*** MATERIAL FOR THE TASK Section Begins ***
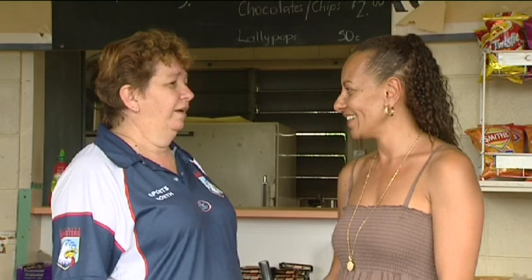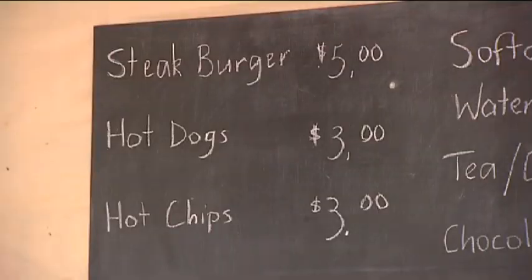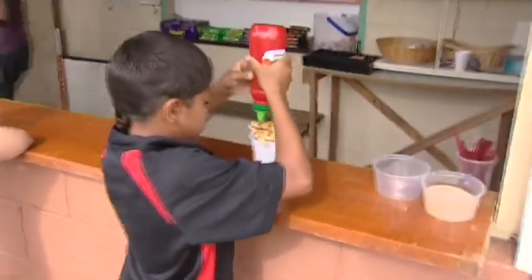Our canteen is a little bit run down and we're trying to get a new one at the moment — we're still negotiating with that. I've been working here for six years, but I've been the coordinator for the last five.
*** MATERIAL FOR THE TASK Section Ends ***
*** MATERIAL FOR THE TASK Section Begins ***
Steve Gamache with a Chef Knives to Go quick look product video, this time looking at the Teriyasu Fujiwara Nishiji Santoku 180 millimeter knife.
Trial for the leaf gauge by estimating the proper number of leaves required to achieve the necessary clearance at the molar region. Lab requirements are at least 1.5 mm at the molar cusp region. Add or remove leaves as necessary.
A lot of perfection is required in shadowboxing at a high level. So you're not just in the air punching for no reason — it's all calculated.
*** MATERIAL FOR THE TASK Section Ends ***
As the answer, set down only the lines from the data above between the one holding "Trial for the" and the one holding "A lot of perfection", inclusive, exactly as they read.

Trial for the leaf gauge by estimating the proper number of leaves required to achieve the necessary clearance at the molar region. Lab requirements are at least 1.5 mm at the molar cusp region. Add or remove leaves as necessary.
A lot of perfection is required in shadowboxing at a high level. So you're not just in the air punching for no reason — it's all calculated.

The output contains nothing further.